Motivou para concluir nos termos seguintes:
“1) Pelo acórdão, a recorrente foi acusada da prática de um crime de tráfico ilícito de estupefacientes e de substâncias psicotrópicas, p. e p. pelo art.º 8º, n.º 1 da Lei n.º 17/2009, de 9 de Setembro, sendo punida com pena de 7 anos e 6 meses de prisão efectiva.

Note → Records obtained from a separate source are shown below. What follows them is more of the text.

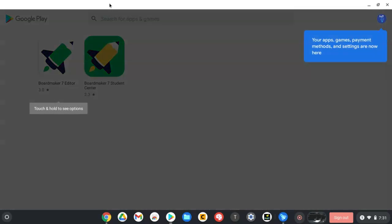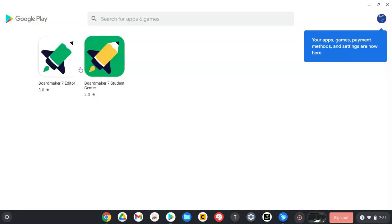Right now you can see that we have these two apps here. Later, whenever we get closer to start, you should also see some other apps here like WeVideo and some things like that.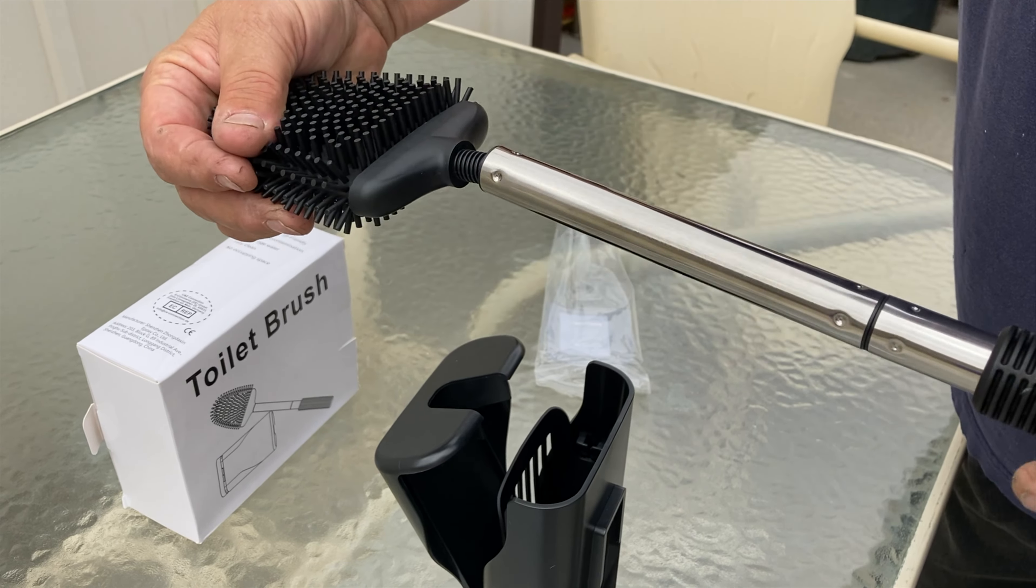Now the rubber head of this thing allows it to be flexible, allowing you to get under the rings of your toilet seat, allowing you to get down in those hard to reach places and allowing it to have a flexible head that other toilet brushes out there on the market might not have.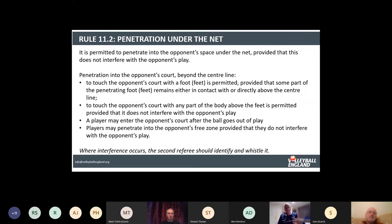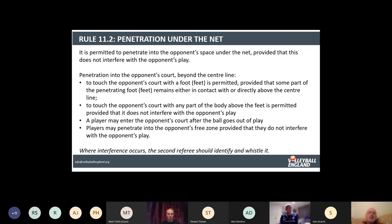Moving on to penetration under the net. It is permitted to penetrate the opponent's space under the net, provided this does not interfere with the opponent's play. Penetration into the opponent's court beyond the centre line: touching the opponent's court with a foot is permitted, provided that some part of the penetrating foot or feet remains either in contact with or directly over the centre line. Touching the opponent's court with any other part of the body above the feet is permitted, provided it does not interfere with the opponent's play. A player may enter the opponent's court after the ball goes out of play, and players may also penetrate into the opponent's free zone, provided they do not interfere.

2) A recorrente é delinquente primária. Pela acusação, a recorrente, desde detenção desta até audiência de julgamento, tem sempre a atitude colaboradora, bem como revelou o seu sentimento de arrependimento sincero perante o facto da detenção ilícita de estupefacientes que lhe foi imputado, mediante as cartas de desculpas.
3) À luz do relatório social, verifica-se que a arguida não é consumidora de drogas e mantém-se boa conduta durante o período de 11 meses do cumprimento da prisão preventiva, bem como tentou aperfeiçoar a si mesmo para corrigir os erros cometidos.
4) Na audiência de julgamento, a recorrente confessou sem reservas o crime que lhe foi imputado, e demonstrou nas suas declarações o sentimento de arrependimento sincero perante o crime cometido.
5) Todavia, o Tribunal a quo, como aplicador das leis, ao proferir o acórdão, não atendeu minimamente ao disposto no art.º 66º do Código Penal, ou seja, proceder à análise das circunstâncias concretas, através da conjugação das disposições sintéticas e abstractas com o presente caso concreto (2º e 3º parágrafos da pág. 22 do acórdão do Recurso em processo penal n.º 534/2010 do T.S.I.).
6) In casu, a recorrente demonstrou o sentimento de arrependimento sincero desde a fase de inquérito até o julgamento, com que se revela a diminuição considerável da ilicitude do facto (al. c) do n.º 2 do art.º 66º do Código Penal); e a agente mantém-se permanentemente boa conduta após o cometimento de crime e durante o período do cumprimento da prisão preventiva, com que se revela a diminuição das circunstâncias da necessidade da pena (al. d) do n.º 2 do art.º 66º do Código Penal);
7) O Tribunal a quo não observou o disposto no art.º 66º do Código Penal, de modo não atendeu nem aplicou o mecanismo de atenuação especial, e acabou por condenar a recorrente numa pena excessivamente pesada, sendo assim manifestamente um erro e injustiça para a recorrente.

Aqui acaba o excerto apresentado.